— RECORDS FOR THIS TASK —
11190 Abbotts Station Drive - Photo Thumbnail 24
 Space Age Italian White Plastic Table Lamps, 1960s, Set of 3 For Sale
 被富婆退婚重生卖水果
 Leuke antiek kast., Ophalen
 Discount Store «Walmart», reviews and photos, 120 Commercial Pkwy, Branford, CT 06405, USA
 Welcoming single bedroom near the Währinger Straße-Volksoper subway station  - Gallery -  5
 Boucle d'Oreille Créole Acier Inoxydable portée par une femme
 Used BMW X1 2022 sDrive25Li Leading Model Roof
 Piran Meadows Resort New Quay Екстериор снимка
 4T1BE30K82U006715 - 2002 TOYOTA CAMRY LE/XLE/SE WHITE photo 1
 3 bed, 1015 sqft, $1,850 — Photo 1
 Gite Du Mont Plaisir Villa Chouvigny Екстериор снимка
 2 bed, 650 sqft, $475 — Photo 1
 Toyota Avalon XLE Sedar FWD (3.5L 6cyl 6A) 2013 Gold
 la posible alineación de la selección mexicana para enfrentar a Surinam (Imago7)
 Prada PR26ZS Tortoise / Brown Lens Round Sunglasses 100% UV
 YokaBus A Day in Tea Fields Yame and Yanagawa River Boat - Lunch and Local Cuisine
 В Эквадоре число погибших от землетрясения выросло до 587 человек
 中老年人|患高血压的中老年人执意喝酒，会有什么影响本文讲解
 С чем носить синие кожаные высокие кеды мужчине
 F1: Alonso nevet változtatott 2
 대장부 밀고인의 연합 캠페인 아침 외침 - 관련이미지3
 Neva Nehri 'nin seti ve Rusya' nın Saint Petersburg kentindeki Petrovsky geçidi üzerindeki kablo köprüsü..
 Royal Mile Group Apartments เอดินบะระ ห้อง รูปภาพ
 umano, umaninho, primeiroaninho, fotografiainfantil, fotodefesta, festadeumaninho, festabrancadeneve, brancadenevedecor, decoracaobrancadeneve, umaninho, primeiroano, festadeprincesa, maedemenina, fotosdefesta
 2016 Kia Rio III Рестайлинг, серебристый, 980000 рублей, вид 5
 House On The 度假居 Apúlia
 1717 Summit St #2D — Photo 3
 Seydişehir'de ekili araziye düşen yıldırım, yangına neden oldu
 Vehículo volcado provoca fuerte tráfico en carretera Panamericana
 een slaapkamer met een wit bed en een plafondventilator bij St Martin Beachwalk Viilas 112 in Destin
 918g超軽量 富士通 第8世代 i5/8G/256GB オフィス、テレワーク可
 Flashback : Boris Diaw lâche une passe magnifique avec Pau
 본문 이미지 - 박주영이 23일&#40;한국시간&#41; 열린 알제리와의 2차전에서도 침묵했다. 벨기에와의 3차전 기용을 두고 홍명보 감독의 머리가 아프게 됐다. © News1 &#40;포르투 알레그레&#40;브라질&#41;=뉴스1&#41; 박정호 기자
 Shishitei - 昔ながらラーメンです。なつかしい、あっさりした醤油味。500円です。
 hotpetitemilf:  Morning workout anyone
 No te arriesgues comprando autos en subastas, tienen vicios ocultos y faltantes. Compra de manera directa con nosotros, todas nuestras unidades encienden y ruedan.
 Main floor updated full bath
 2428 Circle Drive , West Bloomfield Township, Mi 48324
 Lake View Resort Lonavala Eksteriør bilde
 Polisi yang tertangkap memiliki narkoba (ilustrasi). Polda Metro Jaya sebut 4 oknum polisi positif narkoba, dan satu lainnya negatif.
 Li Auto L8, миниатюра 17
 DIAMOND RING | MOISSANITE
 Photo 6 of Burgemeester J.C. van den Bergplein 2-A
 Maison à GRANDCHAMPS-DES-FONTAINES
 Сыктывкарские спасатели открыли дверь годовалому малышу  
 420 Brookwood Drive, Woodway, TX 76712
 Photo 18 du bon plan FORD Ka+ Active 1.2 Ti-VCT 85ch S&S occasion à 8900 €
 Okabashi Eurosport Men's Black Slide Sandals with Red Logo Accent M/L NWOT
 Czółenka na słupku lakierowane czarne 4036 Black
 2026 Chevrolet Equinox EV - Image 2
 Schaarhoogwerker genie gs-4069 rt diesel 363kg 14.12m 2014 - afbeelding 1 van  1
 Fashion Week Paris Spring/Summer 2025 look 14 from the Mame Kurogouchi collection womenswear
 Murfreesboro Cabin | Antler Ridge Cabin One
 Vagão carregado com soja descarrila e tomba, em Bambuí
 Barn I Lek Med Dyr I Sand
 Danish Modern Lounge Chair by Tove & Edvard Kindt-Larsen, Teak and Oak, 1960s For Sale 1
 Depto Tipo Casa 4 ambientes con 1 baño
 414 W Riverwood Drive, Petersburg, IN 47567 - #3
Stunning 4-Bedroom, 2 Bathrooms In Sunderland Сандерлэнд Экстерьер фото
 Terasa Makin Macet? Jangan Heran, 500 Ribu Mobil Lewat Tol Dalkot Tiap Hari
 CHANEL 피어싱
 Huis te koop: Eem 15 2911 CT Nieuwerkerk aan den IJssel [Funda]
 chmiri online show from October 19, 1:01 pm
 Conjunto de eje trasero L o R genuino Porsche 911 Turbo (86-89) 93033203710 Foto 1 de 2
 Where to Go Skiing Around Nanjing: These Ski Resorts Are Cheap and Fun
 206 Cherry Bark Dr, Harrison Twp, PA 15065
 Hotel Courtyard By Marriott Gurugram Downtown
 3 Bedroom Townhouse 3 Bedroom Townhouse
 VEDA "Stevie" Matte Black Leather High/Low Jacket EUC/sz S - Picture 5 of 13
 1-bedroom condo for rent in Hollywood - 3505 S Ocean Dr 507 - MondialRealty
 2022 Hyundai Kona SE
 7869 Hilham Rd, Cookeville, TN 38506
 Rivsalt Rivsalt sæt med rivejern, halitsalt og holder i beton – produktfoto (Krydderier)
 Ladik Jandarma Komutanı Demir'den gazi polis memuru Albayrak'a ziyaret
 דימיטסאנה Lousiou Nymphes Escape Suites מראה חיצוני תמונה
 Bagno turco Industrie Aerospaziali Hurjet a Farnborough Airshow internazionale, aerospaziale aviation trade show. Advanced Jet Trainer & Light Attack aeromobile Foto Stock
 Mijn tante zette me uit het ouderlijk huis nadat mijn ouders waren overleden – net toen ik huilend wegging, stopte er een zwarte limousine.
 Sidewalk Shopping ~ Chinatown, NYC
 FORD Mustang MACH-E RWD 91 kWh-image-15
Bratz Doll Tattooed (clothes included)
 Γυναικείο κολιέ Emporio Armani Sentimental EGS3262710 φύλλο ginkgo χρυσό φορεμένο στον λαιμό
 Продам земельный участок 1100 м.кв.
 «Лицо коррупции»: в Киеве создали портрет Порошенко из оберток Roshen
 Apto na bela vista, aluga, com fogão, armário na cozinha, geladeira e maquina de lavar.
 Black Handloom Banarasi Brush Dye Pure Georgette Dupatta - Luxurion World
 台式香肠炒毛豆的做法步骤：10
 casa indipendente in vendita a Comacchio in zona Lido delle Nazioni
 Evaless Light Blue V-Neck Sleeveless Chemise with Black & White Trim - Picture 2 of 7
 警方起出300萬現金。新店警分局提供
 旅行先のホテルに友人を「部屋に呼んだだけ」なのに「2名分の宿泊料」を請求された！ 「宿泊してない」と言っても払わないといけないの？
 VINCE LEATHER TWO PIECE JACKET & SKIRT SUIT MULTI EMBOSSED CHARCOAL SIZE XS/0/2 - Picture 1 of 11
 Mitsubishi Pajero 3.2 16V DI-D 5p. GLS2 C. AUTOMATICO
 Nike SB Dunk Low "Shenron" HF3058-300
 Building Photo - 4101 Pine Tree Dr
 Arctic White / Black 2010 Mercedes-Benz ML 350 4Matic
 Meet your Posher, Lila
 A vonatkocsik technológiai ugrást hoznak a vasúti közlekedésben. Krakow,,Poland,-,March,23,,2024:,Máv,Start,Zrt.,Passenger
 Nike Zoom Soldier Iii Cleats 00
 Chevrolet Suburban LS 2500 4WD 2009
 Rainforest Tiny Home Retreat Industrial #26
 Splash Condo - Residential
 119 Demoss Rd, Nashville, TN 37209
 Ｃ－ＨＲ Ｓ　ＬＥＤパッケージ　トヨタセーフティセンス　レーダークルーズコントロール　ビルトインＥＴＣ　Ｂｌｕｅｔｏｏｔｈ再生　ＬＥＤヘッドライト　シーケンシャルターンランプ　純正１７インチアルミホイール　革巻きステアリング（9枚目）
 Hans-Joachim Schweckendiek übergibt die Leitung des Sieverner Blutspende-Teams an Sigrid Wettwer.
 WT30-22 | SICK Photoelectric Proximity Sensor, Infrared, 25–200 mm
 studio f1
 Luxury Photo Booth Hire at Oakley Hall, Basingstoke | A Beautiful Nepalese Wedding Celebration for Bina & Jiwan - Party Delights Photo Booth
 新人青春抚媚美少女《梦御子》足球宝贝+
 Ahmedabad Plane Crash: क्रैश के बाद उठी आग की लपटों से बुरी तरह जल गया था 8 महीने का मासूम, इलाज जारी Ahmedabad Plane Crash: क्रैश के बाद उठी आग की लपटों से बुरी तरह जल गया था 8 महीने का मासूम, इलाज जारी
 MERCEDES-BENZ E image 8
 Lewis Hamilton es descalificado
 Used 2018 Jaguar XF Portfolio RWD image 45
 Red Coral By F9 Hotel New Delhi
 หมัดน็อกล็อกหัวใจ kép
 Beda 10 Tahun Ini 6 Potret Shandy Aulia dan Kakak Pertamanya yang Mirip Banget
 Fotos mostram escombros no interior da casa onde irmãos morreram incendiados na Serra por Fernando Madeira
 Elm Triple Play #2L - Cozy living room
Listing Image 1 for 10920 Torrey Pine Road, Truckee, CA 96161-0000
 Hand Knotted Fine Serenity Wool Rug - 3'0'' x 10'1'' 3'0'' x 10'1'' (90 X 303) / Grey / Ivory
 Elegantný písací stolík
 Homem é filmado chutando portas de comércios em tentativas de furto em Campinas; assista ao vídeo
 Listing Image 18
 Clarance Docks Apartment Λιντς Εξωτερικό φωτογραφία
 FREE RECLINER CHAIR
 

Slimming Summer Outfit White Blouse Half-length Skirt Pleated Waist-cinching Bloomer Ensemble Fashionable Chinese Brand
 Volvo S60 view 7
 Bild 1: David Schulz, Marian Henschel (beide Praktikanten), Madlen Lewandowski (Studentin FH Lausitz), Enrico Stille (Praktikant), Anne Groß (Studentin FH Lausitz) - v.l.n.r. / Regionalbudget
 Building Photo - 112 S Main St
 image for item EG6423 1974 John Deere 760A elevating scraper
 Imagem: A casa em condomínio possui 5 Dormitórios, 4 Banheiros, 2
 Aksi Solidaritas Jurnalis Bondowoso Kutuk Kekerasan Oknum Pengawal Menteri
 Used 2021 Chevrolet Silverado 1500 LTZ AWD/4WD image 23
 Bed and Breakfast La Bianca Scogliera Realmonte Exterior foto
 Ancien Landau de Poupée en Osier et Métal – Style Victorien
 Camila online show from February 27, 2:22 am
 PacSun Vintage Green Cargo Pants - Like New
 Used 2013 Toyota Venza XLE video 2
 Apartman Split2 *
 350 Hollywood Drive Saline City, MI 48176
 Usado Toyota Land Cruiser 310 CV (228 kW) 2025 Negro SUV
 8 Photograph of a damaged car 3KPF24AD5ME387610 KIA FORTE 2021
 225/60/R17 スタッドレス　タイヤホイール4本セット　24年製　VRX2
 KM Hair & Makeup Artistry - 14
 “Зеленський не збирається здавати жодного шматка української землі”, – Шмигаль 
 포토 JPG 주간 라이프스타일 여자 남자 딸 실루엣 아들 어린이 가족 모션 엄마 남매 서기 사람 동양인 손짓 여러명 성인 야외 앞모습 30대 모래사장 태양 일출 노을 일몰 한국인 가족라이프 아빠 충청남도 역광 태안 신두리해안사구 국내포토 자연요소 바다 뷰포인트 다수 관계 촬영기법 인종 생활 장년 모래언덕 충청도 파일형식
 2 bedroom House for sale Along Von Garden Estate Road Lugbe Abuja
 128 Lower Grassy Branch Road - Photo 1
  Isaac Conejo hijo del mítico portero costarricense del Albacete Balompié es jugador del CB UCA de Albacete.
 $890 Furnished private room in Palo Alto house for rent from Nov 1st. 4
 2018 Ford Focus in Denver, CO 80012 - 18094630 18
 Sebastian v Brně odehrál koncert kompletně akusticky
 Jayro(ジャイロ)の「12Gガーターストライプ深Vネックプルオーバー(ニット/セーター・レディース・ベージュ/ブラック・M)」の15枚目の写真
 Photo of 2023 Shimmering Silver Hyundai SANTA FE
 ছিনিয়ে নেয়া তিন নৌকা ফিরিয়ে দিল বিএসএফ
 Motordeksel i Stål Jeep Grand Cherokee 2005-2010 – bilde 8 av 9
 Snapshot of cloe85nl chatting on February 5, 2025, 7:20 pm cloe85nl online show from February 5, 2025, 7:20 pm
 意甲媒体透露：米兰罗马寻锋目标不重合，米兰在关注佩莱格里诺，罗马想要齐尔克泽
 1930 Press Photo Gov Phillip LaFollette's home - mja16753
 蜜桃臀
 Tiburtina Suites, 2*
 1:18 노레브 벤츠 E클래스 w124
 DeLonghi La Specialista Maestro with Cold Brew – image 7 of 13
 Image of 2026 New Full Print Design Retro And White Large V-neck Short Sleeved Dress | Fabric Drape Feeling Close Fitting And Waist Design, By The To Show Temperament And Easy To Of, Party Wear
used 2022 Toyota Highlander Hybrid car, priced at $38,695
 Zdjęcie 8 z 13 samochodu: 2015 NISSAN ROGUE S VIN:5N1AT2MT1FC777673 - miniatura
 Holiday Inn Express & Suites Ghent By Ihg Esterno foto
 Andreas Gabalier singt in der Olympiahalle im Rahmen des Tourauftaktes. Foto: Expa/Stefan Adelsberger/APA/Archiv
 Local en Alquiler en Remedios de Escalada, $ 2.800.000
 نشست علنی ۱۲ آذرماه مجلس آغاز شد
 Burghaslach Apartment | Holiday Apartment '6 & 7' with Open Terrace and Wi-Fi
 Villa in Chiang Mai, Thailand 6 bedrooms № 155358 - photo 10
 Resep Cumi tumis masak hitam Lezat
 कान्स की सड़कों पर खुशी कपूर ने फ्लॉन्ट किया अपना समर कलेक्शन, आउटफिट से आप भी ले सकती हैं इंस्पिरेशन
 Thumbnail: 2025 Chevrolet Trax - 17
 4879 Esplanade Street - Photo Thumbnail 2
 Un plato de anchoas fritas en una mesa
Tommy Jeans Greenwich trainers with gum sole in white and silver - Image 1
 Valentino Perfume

— WHAT THE TASK REQUIRES —
Report each line of the data that includes the string "Petersburg".

— OUTPUT OF THE TASK —
 Neva Nehri 'nin seti ve Rusya' nın Saint Petersburg kentindeki Petrovsky geçidi üzerindeki kablo köprüsü..
 414 W Riverwood Drive, Petersburg, IN 47567 - #3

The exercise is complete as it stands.